Bano Safia, Nawaz Ahmad, Nasim Aqsa, Numan Ahsan, Zahid Muhammad
Department of Neurology, Mayo Hospital, King Edward Medical University, Lahore, Pakistan.
Department of Radiology, Doctor Hospital and Medical Centre, Lahore, Pakistan.
J Coll Physicians Surg Pak. 2024 Feb;34(2):187-192. doi: 10.29271/jcpsp.2024.02.187.
To evaluate the correlation of cerebrospinal fluid total protein and serum neutrophil-to-lymphocyte ratio with the clinical outcomes and the various clinical and electrophysiological variants of Guillain-Barre syndrome.
Cross-sectional study. Place and Duration of the Study: Department of Neurology, Mayo Hospital and King Edward Medical University, Lahore, Pakistan, from November 2022 to April 2023.

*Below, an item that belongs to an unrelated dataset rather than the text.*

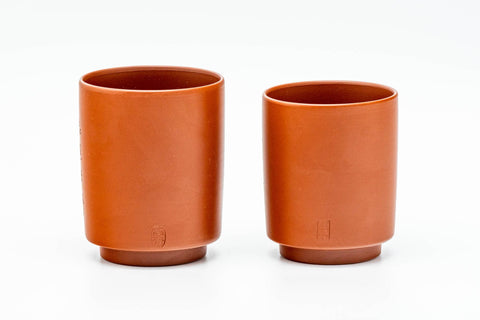 The pair with lids removed, viewed from the plain reverse side.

Fourty-six Guillain-Barre syndrome patients, aged 12-70 years, were included in the study diagnosed by using the Brighton's criteria. Functional disability and respiratory insufficiency were assessed by using the modified Hughes disability score and the Erasmus Guillain-Barre syndrome respiratory insufficiency score, respectively. Serum neutrophil-to-lymphocyte ratio and cerebrospinal fluid total protein were calculated for each patient at the time of admission.
Axonal variants had a higher mean neutrophil-to-lymphocyte ratio (5.29 ± 4.38) than demyelinating variants (4.71 ± 3.4) and Miller-Fischer syndrome (3 ± 2.828). This ratio was positively correlated with the modified Hughes's disability score (r = 0.790, p = 0.001) and the Erasmus Guillain-Barre syndrome respiratory insufficiency score (r = 0.936, p = 0.002). Mean cerebrospinal fluid total protein was higher for demyelinating (218 ± 136 mg/dl) than axonal variants (86 ± 56 mg/dl) and Miller-Fischer syndrome (34 ± 21 mg/dl). However, higher modified Hughes disability score (4-6) (r = 0.020, p = 0.117) and a high Erasmus Guillain-Barre syndrome respiratory insufficiency score (5-7) (r = 0.115, p = 0.302) did not significantly affect mean cerebrospinal fluid total proteins.
Serum neutrophil-to-lymphocyte ratio can be regarded as a reliable biomarker to assess disease severity and clinical outcome in Guillain-Barre syndrome. Cerebrospinal fluid total protein is a poor predictor of the prognosis and severity of Guillain-Barre syndrome.
Guillain-Barre syndrome (GBS), Clinical outcome, Cerebrospinal fluid total protein (CSF-TP), Neutrophil-to-lymphocytic ratio (NLR), Prognostic biomarker.
评估脑脊液总蛋白和血清中性粒细胞与淋巴细胞比值与吉兰-巴雷综合征的临床结局以及各种临床和电生理变异之间的相关性。
横断面研究。研究地点和时间:2022年11月至2023年4月,巴基斯坦拉合尔梅奥医院和爱德华国王医科大学神经病学系。
纳入46例年龄在12至70岁之间的吉兰-巴雷综合征患者,采用布莱顿标准进行诊断。分别使用改良休斯残疾评分和伊拉斯谟吉兰-巴雷综合征呼吸功能不全评分评估功能残疾和呼吸功能不全。在入院时计算每位患者的血清中性粒细胞与淋巴细胞比值和脑脊液总蛋白。
轴索性变异型的平均中性粒细胞与淋巴细胞比值(5.29±4.38)高于脱髓鞘性变异型(4.71±3.4)和米勒-费希尔综合征(3±2.828)。该比值与改良休斯残疾评分(r = 0.790,p = 0.001)和伊拉斯谟吉兰-巴雷综合征呼吸功能不全评分(r = 0.936,p = 0.002)呈正相关。脱髓鞘性变异型的平均脑脊液总蛋白(218±136mg/dl)高于轴索性变异型(86±56mg/dl)和米勒-费希尔综合征(34±21mg/dl)。然而,较高的改良休斯残疾评分(4 - 6)(r = 0.020,p = 0.117)和较高的伊拉斯谟吉兰-巴雷综合征呼吸功能不全评分(5 - 7)(r = 0.115,p = 0.302)对平均脑脊液总蛋白没有显著影响。
血清中性粒细胞与淋巴细胞比值可被视为评估吉兰-巴雷综合征疾病严重程度和临床结局的可靠生物标志物。脑脊液总蛋白对吉兰-巴雷综合征的预后和严重程度预测能力较差。